** Problem requirements **
Instruction for the entries that follow: retype exactly the lines from the line with "Small wooden cabin" to the line with "A romantic wedding", both included, and omit all others.

** Given records **
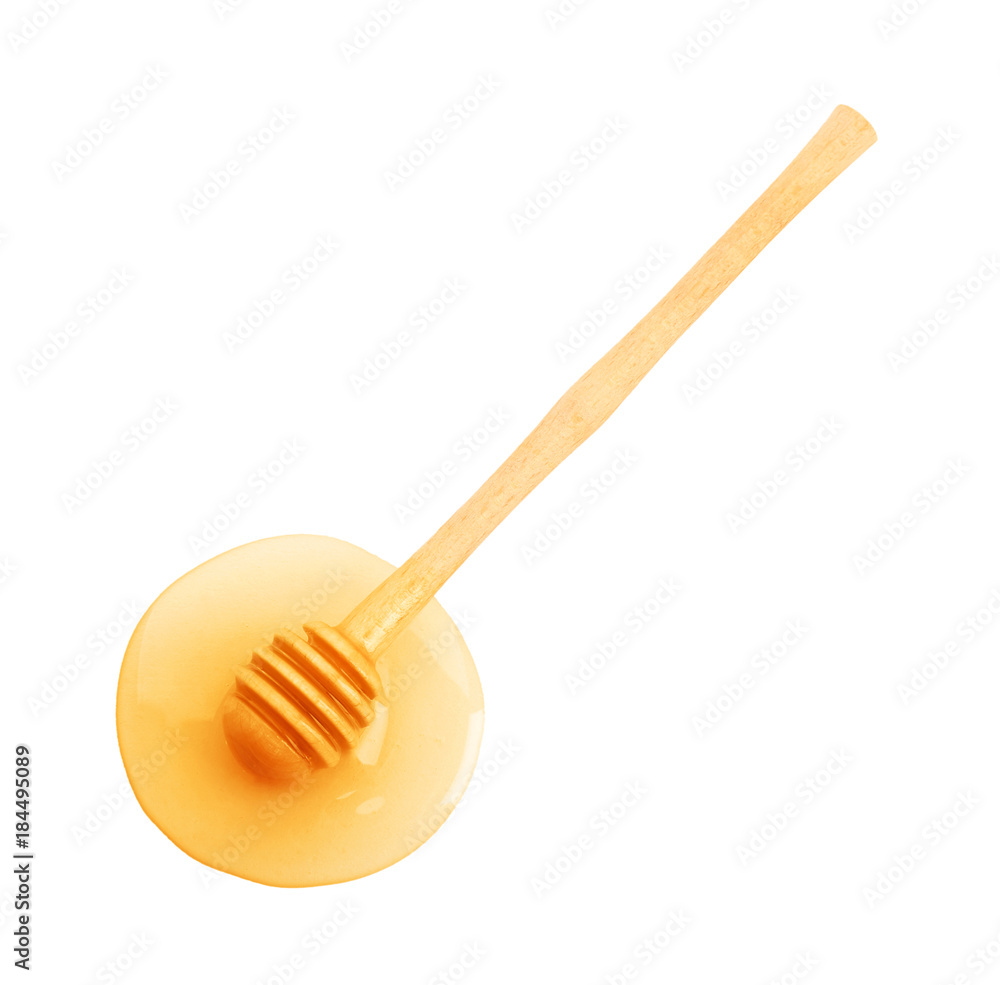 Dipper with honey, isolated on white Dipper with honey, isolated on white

--

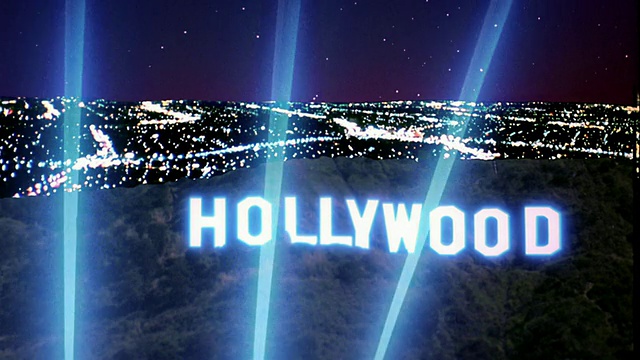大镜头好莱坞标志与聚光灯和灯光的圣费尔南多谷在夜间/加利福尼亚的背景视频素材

--

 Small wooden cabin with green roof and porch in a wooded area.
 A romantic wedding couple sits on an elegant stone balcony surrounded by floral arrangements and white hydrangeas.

** Result below **
 Small wooden cabin with green roof and porch in a wooded area.
 A romantic wedding couple sits on an elegant stone balcony surrounded by floral arrangements and white hydrangeas.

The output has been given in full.